L'abbattimento del potere autoritario non è l'equivalente della rivoluzione, perché questa è la messa in moto prima e subito dopo in opera di un cambiamento radicale irreversibile. Semmai ne rappresenta un momento indispensabile per realizzarla pienamente, mentre il semplice abbattimento di per sé è un'incognita, perché, se non è supportato da una volontà e una consapevolezza collettive di voler quel tipo d'innovazione, può dare avvio a nuovi regimi, senz'altro diversi dal precedente, ma al pari reazionari se non addirittura peggiori. L'impegno strategico non può dunque limitarsi a far la guerra al sistema vigente, perché dev'essere soprattutto in grado d'indicare il cammino, il senso del nuovo e come rendere operante la coerenza rispetto ai valori, ai principi e alle speranze suscitate.
Bisognerebbe perciò aver anche ben chiaro il problema delle alleanze politiche, come giustamente a suo tempo segnalò ripetutamente Berneri, oltre quale tipo di azione continua vada privilegiata. Per le alleanze, sono convinto che il criterio più consono debba essere quello di non farsi abbagliare da roboanti sirene inneggianti a rivoluzioni poco chiare, ma d'identificare le forze che, al di là di smaccati riformismi ostentati o di residui ideologici autoritari (esclusi gli anarchici, che alla fin fine poi non ne sono sempre completamente esenti, tutte le altre formazioni politiche sono portatrici di dettati autoritari), siano comunque disponibili a mettersi sinceramente in gioco ed a sperimentare seriamente pratiche di libertà radicale e alternativa al sistema di potere vigente.
Per quanto riguarda l'azione continua da privilegiare, bisognerebbe volgere l'attenzione, un'attenzione particolare, all'elemento propositivo: la realizzabilità dell'autogestione, le capacità e le possibilità del suo riuscire ad essere e funzionare. Perché questo, e solo questo, è in grado di attivare la costruzione di un immaginario innovatore. Perché soltanto diffondendo l'immaginario del nuovo mondo possibile, la trasformazione anarchica della società, possiamo sperare di renderla desiderabile per un numero sempre maggiore di individui e di stimolare a volerla.
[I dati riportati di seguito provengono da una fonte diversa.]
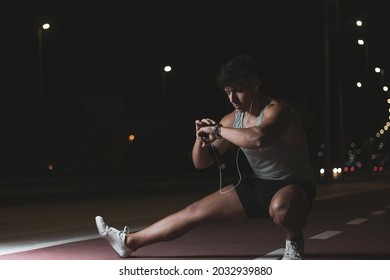 A Young Moroccan Athlete Training At Night On A Public Road.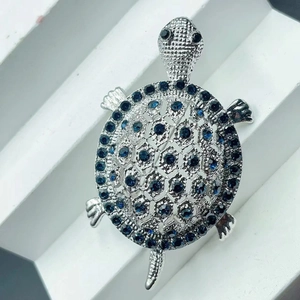 Detailed view of silver turtle brooch with dark blue rhinestones for women coat dress accessory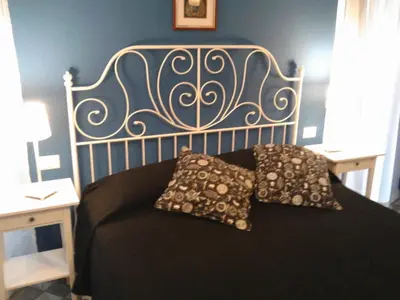 a bed with two pillows on it in a room at Le Stanze di Pietro in Rome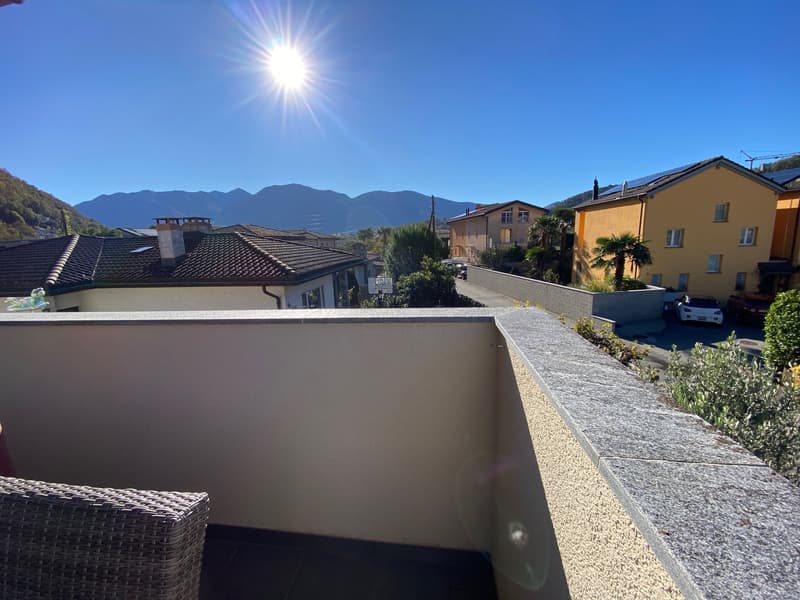 terrace with wicker chairs, white painted wall, beautiful sunlit view of mountains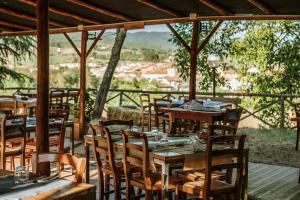 a restaurant with wooden tables and chairs on a deck at Agriturismo Poggio Di Sotto in Galliano
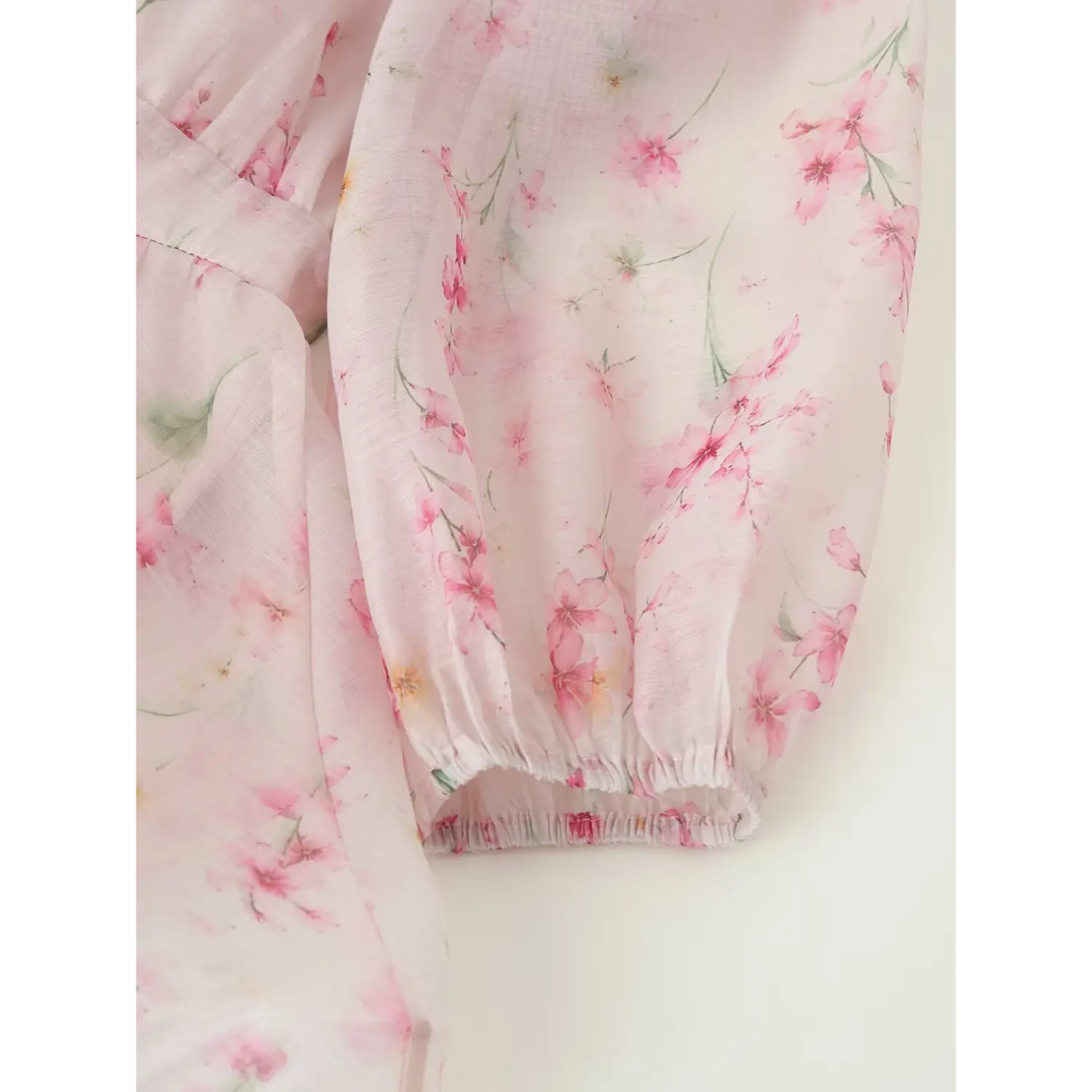 Long sleeve cuff close-up, gathered elastic balloon cuff, sheer floral chiffon drape texture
Spostare l'attenzione sull'elemento propositivo vuol dire cominciare a considerare d'importanza secondaria l'elemento della protesta, che invece finora sembra sia quello che c'interessa di più. Il che non significa sottovalutarla e smettere di farla. Tutt'altro! Significa invece che la protesta, che sottolinea ciò che non vogliamo e non ci distingue perché sono in tantissimi a farla, non rappresenta più il momento qualificante del nostro operare e propagandare, che dovrebbe essere sostituito con ciò che vogliamo e proponiamo, che al contrario ci distingue e qualifica.
Cerchiamo così di essere presenti in tutti i luoghi della protesta e di attizzarne di nuove, come già facciamo, ma con lo sguardo e l'attenzione oltre la protesta stessa, perché soltanto se riesce a trasformarsi da momento contestativo a momento alternativo, tendente ad istituire il nuovo contrapposto al potere vigente, può mettere in moto processi rivoluzionari. Attivare dunque luoghi e processi di autogestione e spingere le comunità a decidere autonomamente, sganciandosi dal giogo delle decisioni dell'autorità costituita. Sta a noi anarchici, che la proponiamo, dimostrare il senso e il valore alternativi dell'anarchia e renderla appetibile.